NaN is a 'number'! Well, sort of.
Actually, it's typeof NaN that yields 'number', which, if you ask me, is little bizarre, though not completely illogical (depending on my mood).
It's important to understand the implications here though. Take the following example (something I used to do a lot until recently):
var nBorder = parseInt(strBorder);
if (typeof nBorder == 'number')
{ alert('yep, it\'s a number!'); }
I used to encourage this kind of code (and I still do encourage trying to be "type-safe" (whatever that means to javascript)).
But today I am a little wiser; today I understand that the above code is flawed if my algorithm truely needs a variable of type 'number'.

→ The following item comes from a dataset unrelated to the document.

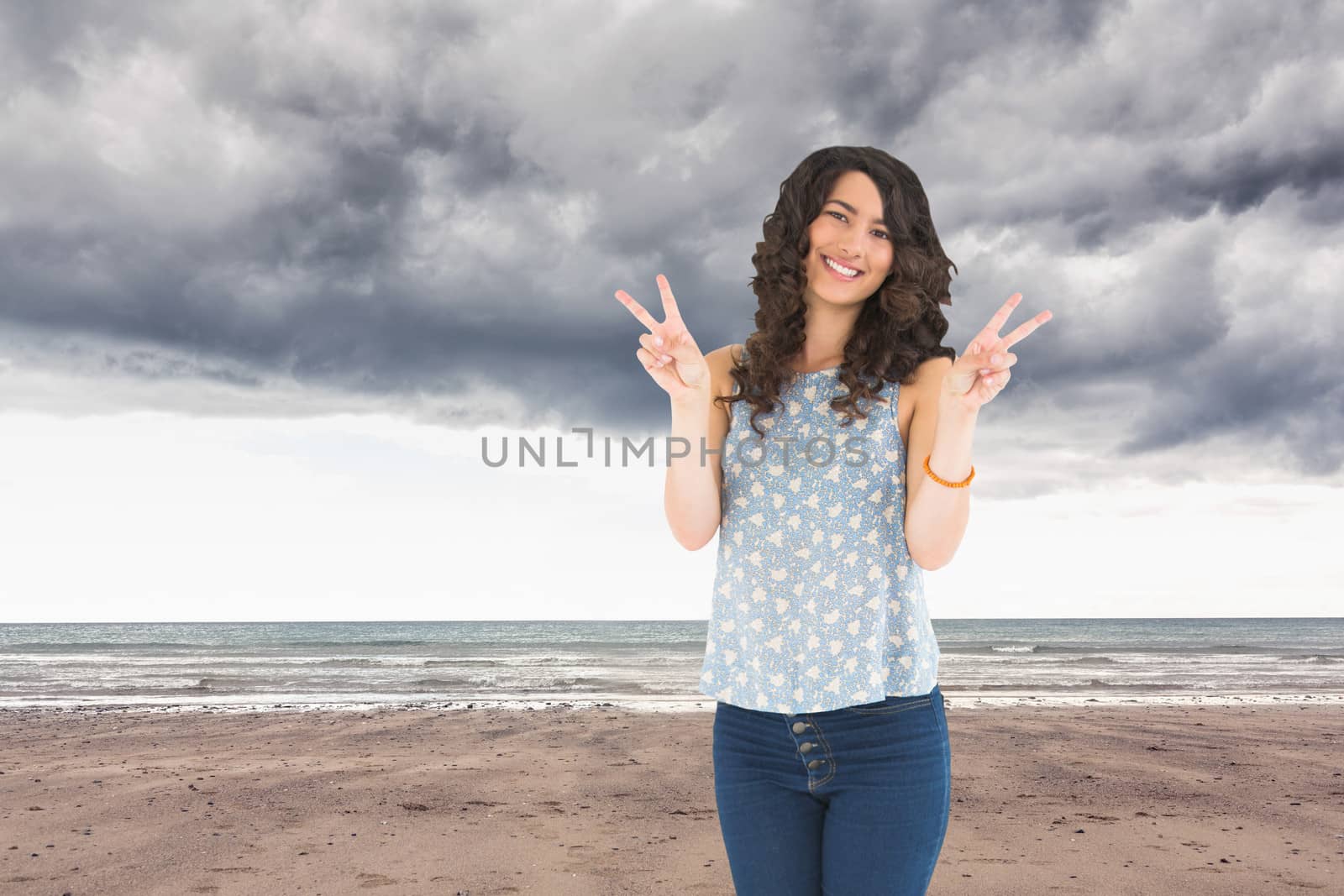 Composite image of smiling attractive brunette posing by Wavebreakmedia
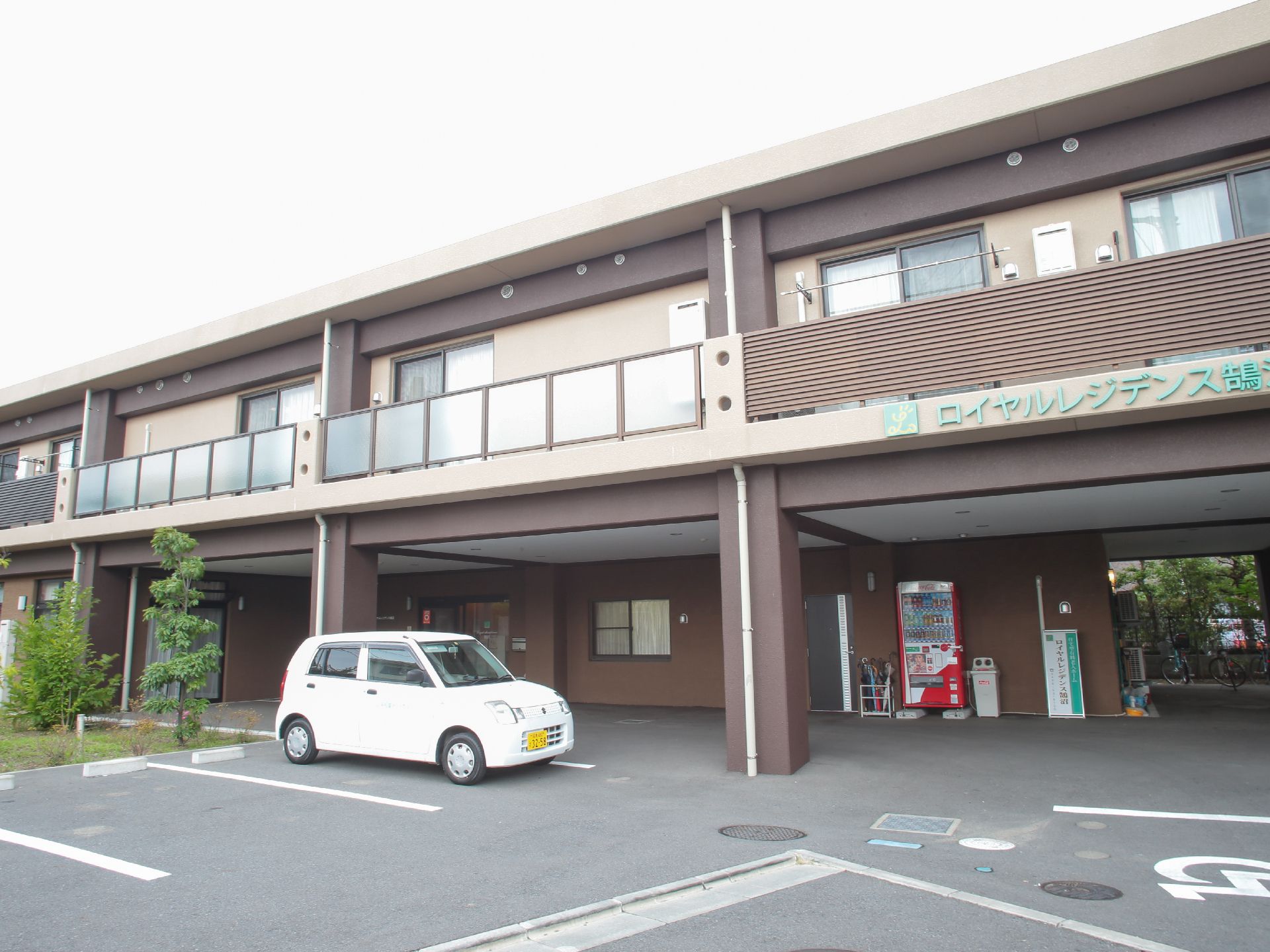 ブラウンの外壁がおしゃれな雰囲気がある施設の外観。建物の前には駐車スペースがあり、車椅子での移動も可能である。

To understand why, take a look at this modified form of the previous example:
var nBorder = parseInt(strBorder);
if (typeof nBorder == 'number')
{ alert('uh oh!'); }
If you're thinking that that if conditional won't execute, you're wrong. It most certainly will, because as I mentioned at the start of this article, typeof NaN yields 'number'.
Fortunately, the solution is pretty easy. In javascript, there is a simple and convenient isNan(..) function (which, oddly, I knew about, but for some reason never considered using) which will return true if the value you pass in can be interpreted as a number and false if it can't.
Our example would now become:
var nBorder = parseInt(strBorder);
if (!isNaN(nBorder))
{ alert('yep, it\'s a number!'); }
Alternatively, instead of checking for !isNaN(..), you could check for isNaN(..) right at the beginning of your function and simply return prematurely if isNaN(..) is true. A "Design by contract" of sorts (it's a stretch I know, but what do you want from me).
For example:
{
a = parseInt(a);
b = parseInt(b);
if (isNaN(a) || isNaN(b))
{ return; }
alert(a * b);
}
Of course, once you understand isNaN(..), you're free to take whatever action you darn well please. Mine are just silly examples, but I trust you get the point.
It might surprise you to note that isNaN(..) works on strings. So something like isNaN('25') will return true.
Be careful though: isNaN('25px') would return false. You'd have to first run parseInt(..) on your variable, and then it's safe to rely on isNaN(..).
Also, it's worth noting that it's perfectly safe to call parseInt(..) on null or undefined as well as on an empty string ( " ) or ( "" ).
There, a nice short blog entry for those of you who think I write too much 
Comments welcome.
2 Responses
Thanks for this!
Thanks a lot for this article. You helped me solve a 'mystery' in my logic that was bugging me for sometime!